Availability is the share of time a system is operational and usable, expressed as a percentage over a defined window. In reliability math it is calculated as Availability = MTBF / (MTBF + MTTR), so it rises when failures are rarer and when recovery is faster.

Availability answers a single question: out of all the time in a period, what fraction was the service actually working? It is usually quoted as a percentage in "nines" (99.9%, 99.99%) and is, for most practical purposes, the same idea as uptime. The terms are often used interchangeably, with one nuance: uptime tends to describe what you observe and measure directly, while availability is the broader reliability concept that the formula below makes precise.

The availability formula

In reliability engineering, availability is derived from two component metrics: how often a system fails and how long it takes to recover each time. The standard formula is:

  • Availability = MTBF / (MTBF + MTTR)
  • MTBF (mean time between failures) is the average time the system runs normally between one failure and the next. Higher is better.
  • MTTR (mean time to recovery) is the average time to restore service once a failure begins. Lower is better.

Worked example: a service that runs 200 hours between failures and takes 1 hour to recover is available 200 / (200 + 1), which is 200 / 201, or about 99.5% of the time. Cut the recovery time in half to 30 minutes and availability climbs to 200 / 200.5, roughly 99.75%. The same headline percentage improves either by failing less often (raising MTBF) or by recovering faster (lowering MTTR), which is why both metrics matter.

What the percentages allow

High availability targets sound nearly perfect but still permit real outage time, and each extra nine cuts the allowance by roughly a factor of ten. 99.9% ("three nines") allows about 43 minutes of downtime per month; 99.95% allows about 22 minutes; and 99.99% ("four nines") allows only about 4.3 minutes per month. Because a single extended outage can exhaust an entire monthly budget at once, recovery speed often matters as much as raw stability. For a full breakdown of what each nine permits, see what 99.9% uptime actually means.

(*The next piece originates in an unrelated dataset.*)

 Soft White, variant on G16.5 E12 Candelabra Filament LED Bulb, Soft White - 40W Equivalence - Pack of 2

Availability is also the metric most often written into contracts. A Service Level Agreement (SLA) commits a provider to a stated availability target over a defined window and sets out remedies, such as service credits, if it is missed. The figure is only trustworthy when measured the way a visitor actually connects, from outside your own infrastructure, since a server can report itself as healthy while DNS, a CDN, an expired certificate, or a broken checkout makes the site unusable. Continuous external uptime and SLA monitoring records the data needed to track availability over time and prove it against an SLA.

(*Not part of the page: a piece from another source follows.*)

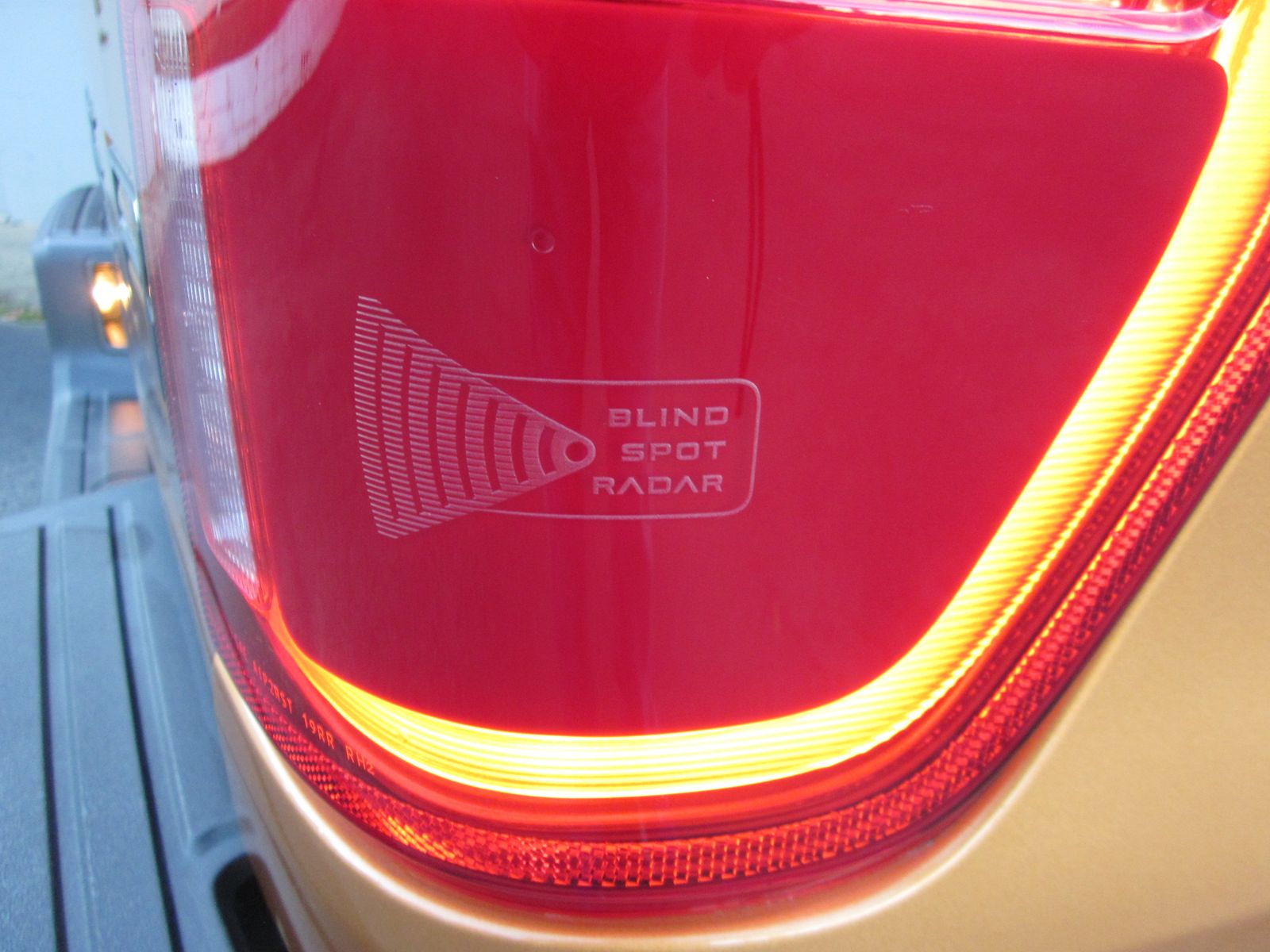 2019 Ford Ranger XLT AWD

See also: Uptime & SLA monitoring

Frequently asked questions

  • How is availability calculated?

    In reliability math, Availability = MTBF / (MTBF + MTTR). With a mean time between failures of 200 hours and a mean time to recovery of 1 hour, availability is 200 / 201, or about 99.5%. Measured empirically, it is also just (total time minus downtime) divided by total time.

  • What is the difference between availability and uptime?

    The terms are usually treated as the same thing: both describe the share of time a service is usable. The slight distinction is that uptime is typically the measured percentage you observe, while availability is the broader reliability concept defined by MTBF / (MTBF + MTTR), which produces the same figure over a long enough window.

  • How much downtime does 99.9% availability allow?

    About 43 minutes per month, or roughly 8.8 hours per year. Each additional nine reduces the allowance by about ten times: 99.99% permits only around 4.3 minutes per month, and 99.95% sits in between at about 22 minutes.

  • How do MTBF and MTTR affect availability?

    Availability rises when failures are less frequent (higher MTBF) and when recovery is faster (lower MTTR). Because the two combine in Availability = MTBF / (MTBF + MTTR), halving recovery time lifts the same headline percentage that failing less often would, so improving either metric improves availability.